Equipment for this recipe
Top-rated tools to make this recipe successfully.
Frequently asked questions
How long does Hydrating Cucumber-Mint Avocado Salad take to make?
Total time is about 15 minutes (15 min prep + 0 min cook). Most home cooks find this fits comfortably into a weeknight; double the batch on Sunday for two dinners.
How do I store leftover Hydrating Cucumber-Mint Avocado Salad?
Cool to room temperature within 2 hours, then store in an airtight container in the fridge for up to 4 days. Reheat covered in a 350°F oven for 10-12 minutes, or microwave at 70% power in 60-second bursts to keep medium cucumber from drying out.
Can I substitute ingredients in Hydrating Cucumber-Mint Avocado Salad?
Yes — most ingredients in this recipe have flexible swaps. For oil, use any neutral high-smoke-point oil (avocado, grapeseed, refined coconut). For aromatics, dried herbs at ⅓ the volume of fresh work in a pinch. The full ingredient list is shoppable on Instacart so you can see substitutes in real time.
How do I scale Hydrating Cucumber-Mint Avocado Salad for a different number of people?
The recipe is written for 2 servings. Multiply each ingredient by (your serving target / 2). Cook time stays roughly the same up to 2x; for 3-4x batches, switch from a skillet to a sheet pan or stockpot so the food isn't crowded — overcrowding steams instead of browns.

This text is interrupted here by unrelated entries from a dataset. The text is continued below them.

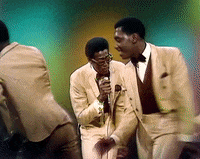 The Temptations • The Real Story Part 1 (Documentary)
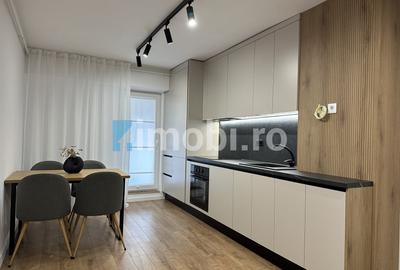 Apartament Modern cu 3 Camere, Terasa si Parcare–Centrul Istoric, Cluj-Napoca - 3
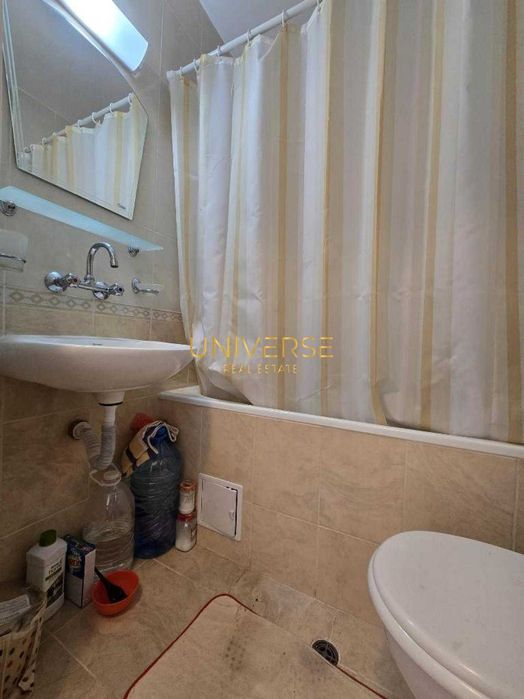 Продава се Двустаен апартамент в к.к. Слънчев бряг - 42 кв.м за 1500 €/кв.м - Снимка #7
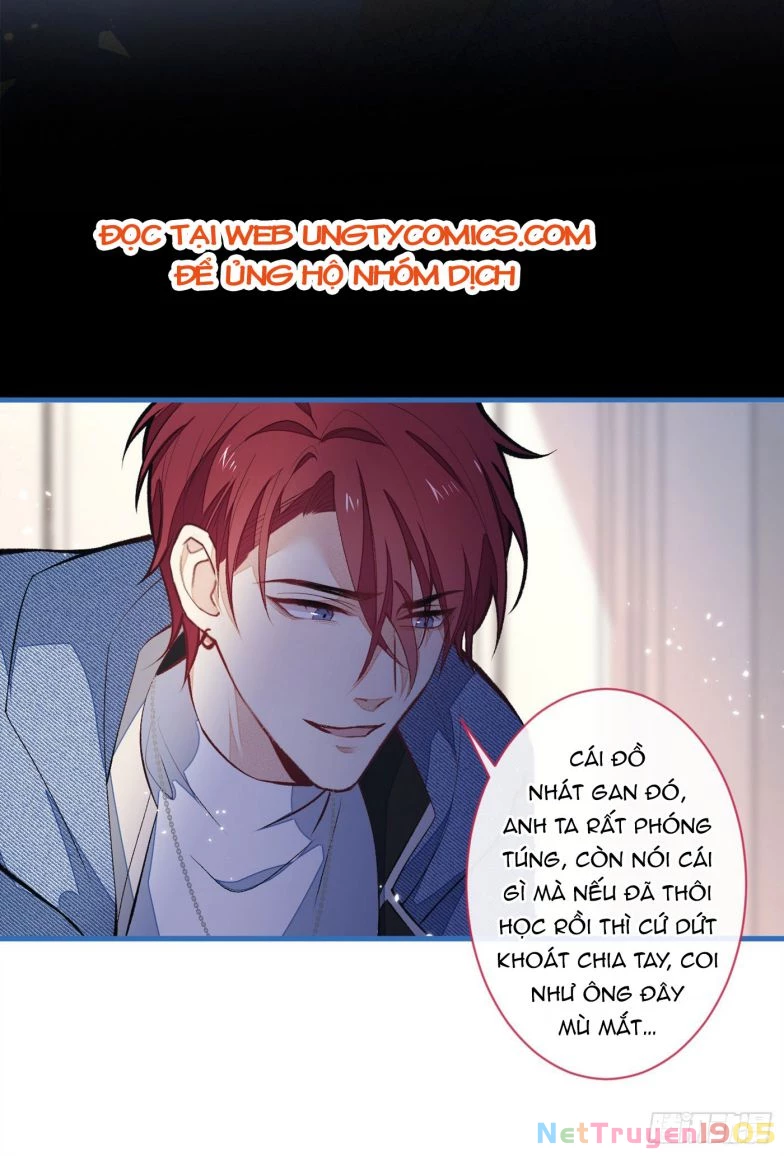 Hotsearch Của Ảnh Đế Chapter 58 - 23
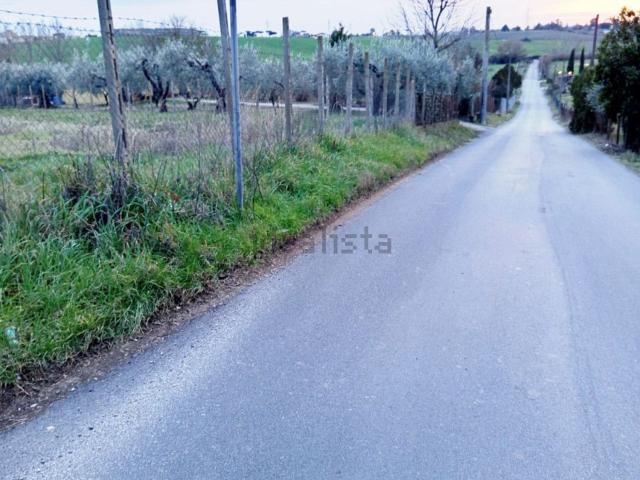 Rustico in vendita a Roma Capitale, Lazio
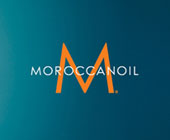 Moroccanoil logo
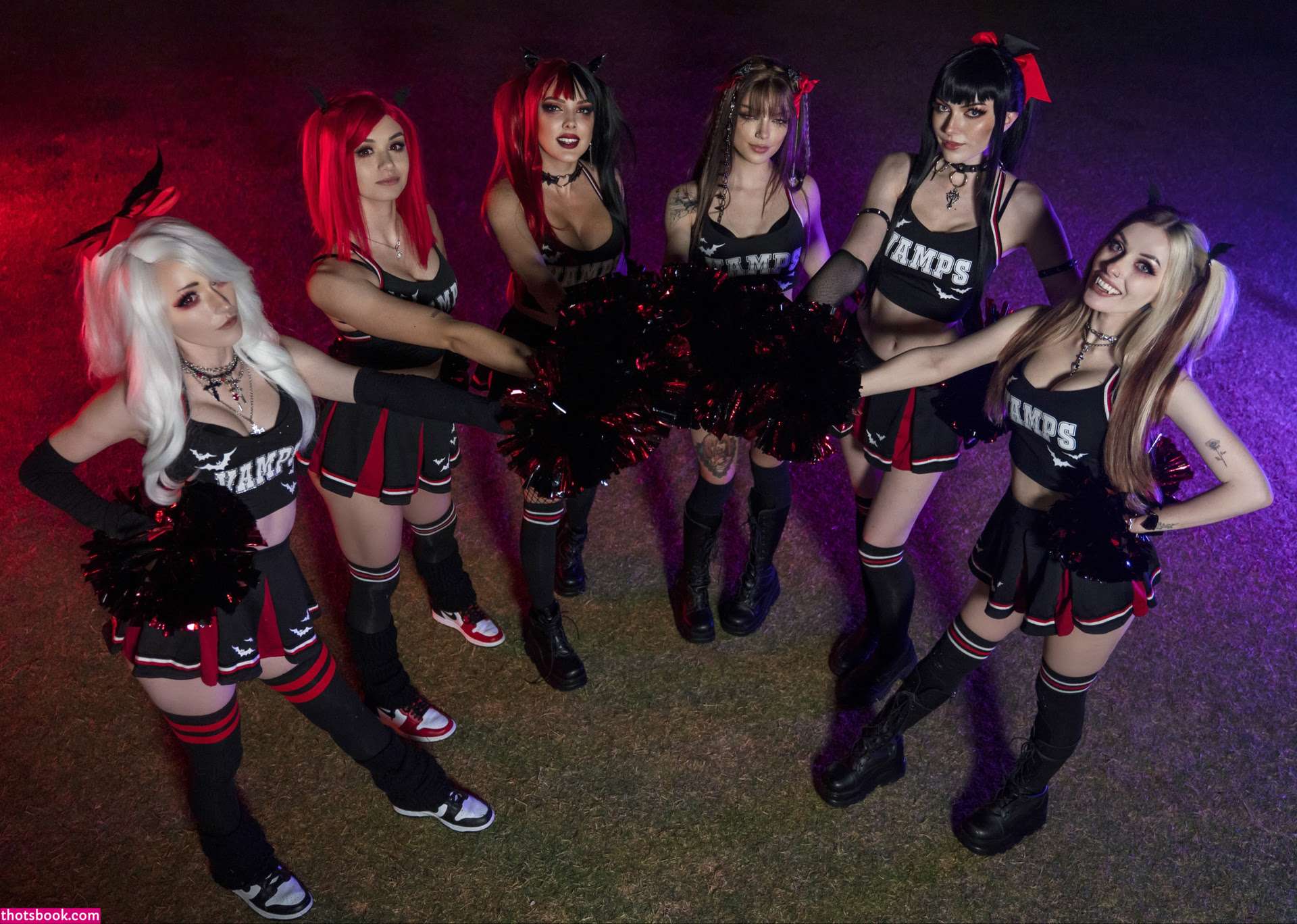 Rolyatistaylor Nude OnlyFans Photos #13 410572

What goes well with Hydrating Cucumber-Mint Avocado Salad?
Mediterranean whole30 like this pair well with a simple grain (rice, couscous, or crusty bread), a quick salad with acid (lemon vinaigrette, pickled onions), and a pan sauce or yogurt-based dip. Tap "Plan a meal with the AI" to get specific side suggestions.
What others are saying
- ★★★★★
Perfect whole30 recipe for a weeknight dinner.
- ★★★★★
Swapped butter for olive oil to keep it lighter. Still delicious.
- ★★★★☆
Solid recipe. Not groundbreaking but definitely making it again.